- Task details -
All lines from the one containing "108 High Meadows" to the end of the data below are to be returned exactly, both ends included, with nothing added.
── Dataset records
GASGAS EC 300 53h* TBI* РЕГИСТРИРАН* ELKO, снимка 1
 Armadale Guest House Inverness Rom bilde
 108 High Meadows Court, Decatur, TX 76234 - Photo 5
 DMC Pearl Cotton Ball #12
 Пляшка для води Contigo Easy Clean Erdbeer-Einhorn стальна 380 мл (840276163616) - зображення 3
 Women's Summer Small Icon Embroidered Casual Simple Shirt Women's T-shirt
────
- Your solution -
 108 High Meadows Court, Decatur, TX 76234 - Photo 5
 DMC Pearl Cotton Ball #12
 Пляшка для води Contigo Easy Clean Erdbeer-Einhorn стальна 380 мл (840276163616) - зображення 3
 Women's Summer Small Icon Embroidered Casual Simple Shirt Women's T-shirt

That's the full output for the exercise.